What is being asked: Could you restate word for word the lines running from the one with "A vibrant tropical" to the end of the data, both ends included, but without pictures?

(Crawled caption data)
○ ○ ○ ○ ○

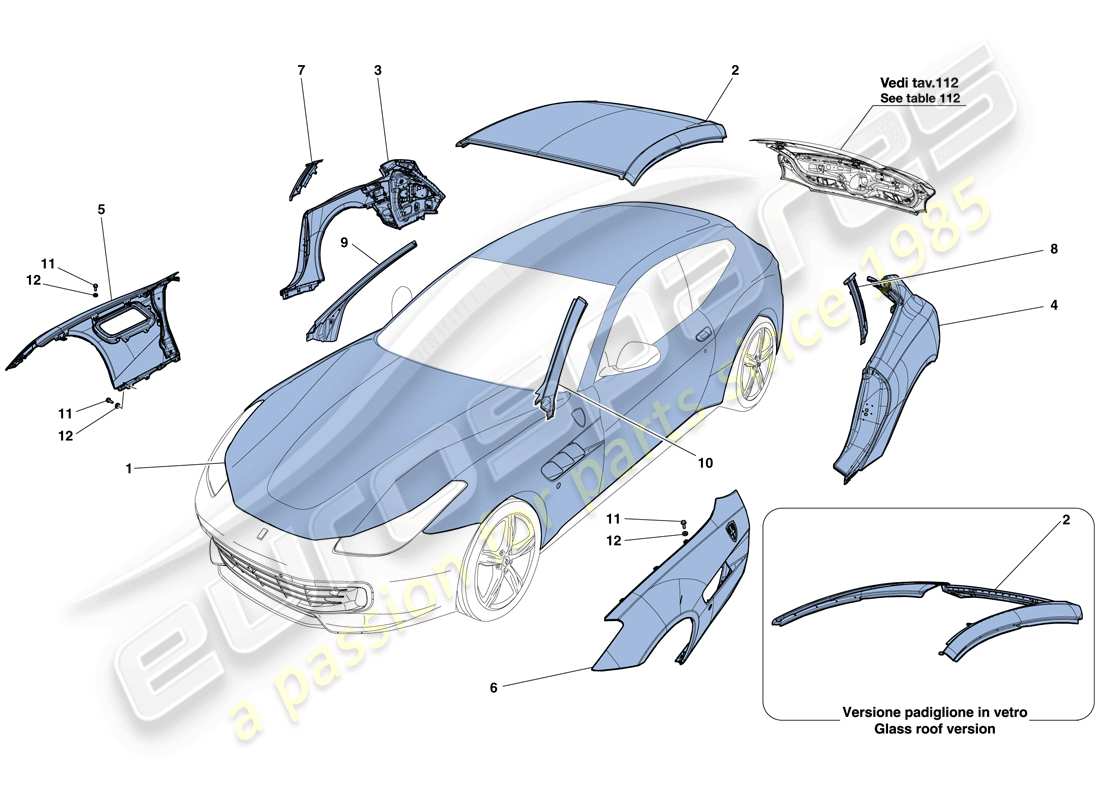 ferrari gtc4 lusso (rhd) bodyshell - external trim parts diagram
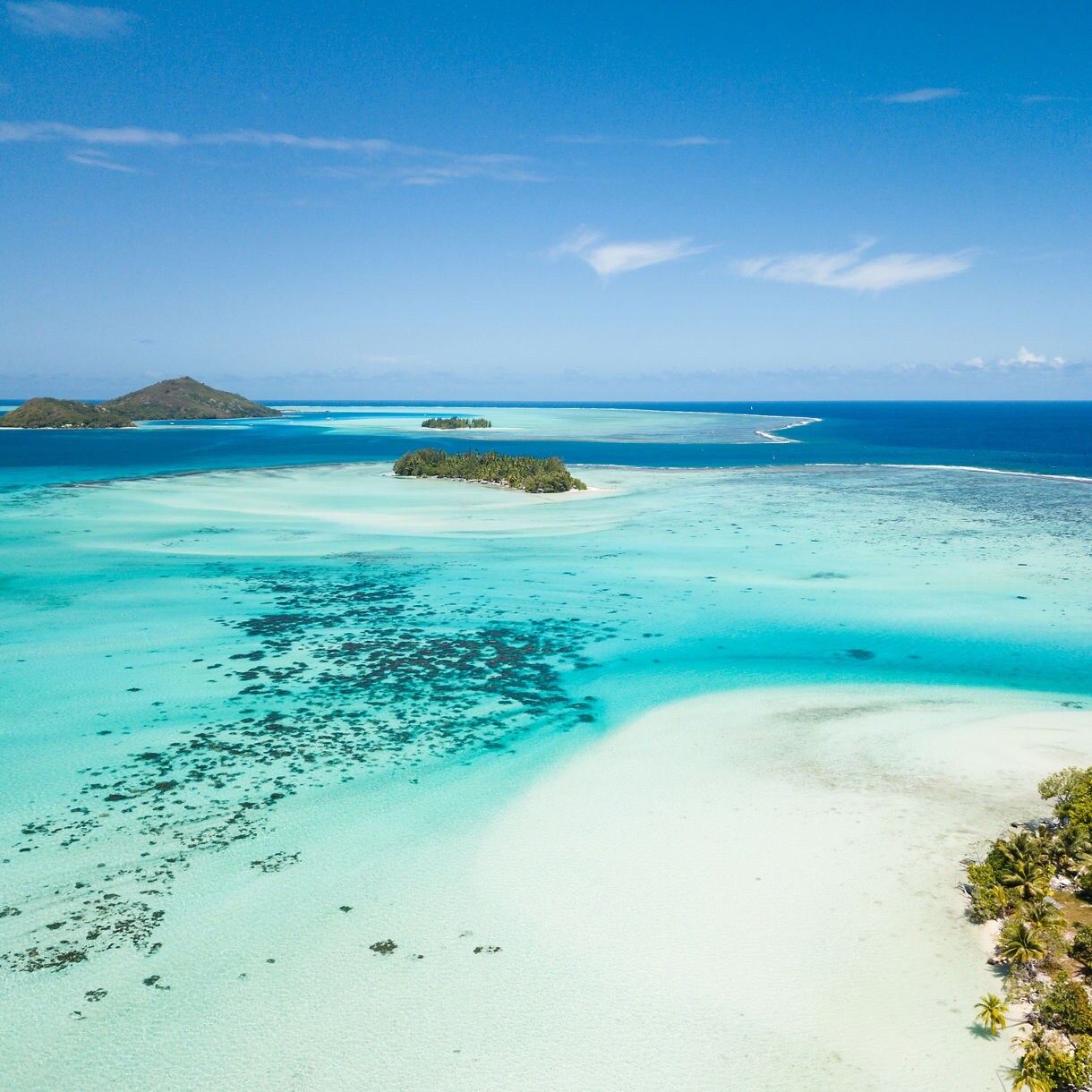 A vibrant tropical lagoon with crystal‑clear turquoise water, shallow sandbars, and small green islands scattered in the distance under a bright blue sky.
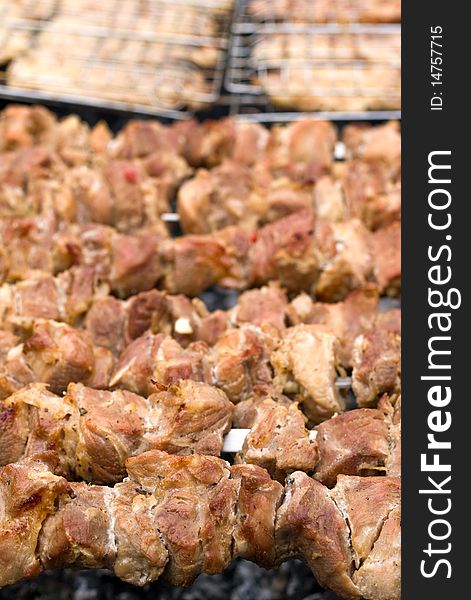 Juicy meat roasted kebabs on the barbecue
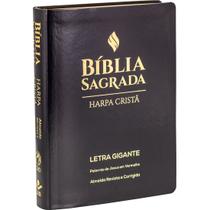 Bíblia com Harpa Cristã Letra Extra Gigante Palavras de Jesus em Vermelho Luxo Preta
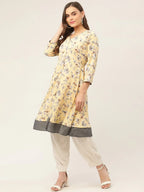 Jompers Women's Yellow and White Flared Printed kurta - Distacart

○ ○ ○ ○ ○

Exercise answer:
 A vibrant tropical lagoon with crystal‑clear turquoise water, shallow sandbars, and small green islands scattered in the distance under a bright blue sky.
 Juicy meat roasted kebabs on the barbecue
 Bíblia com Harpa Cristã Letra Extra Gigante Palavras de Jesus em Vermelho Luxo Preta
 Jompers Women's Yellow and White Flared Printed kurta - Distacart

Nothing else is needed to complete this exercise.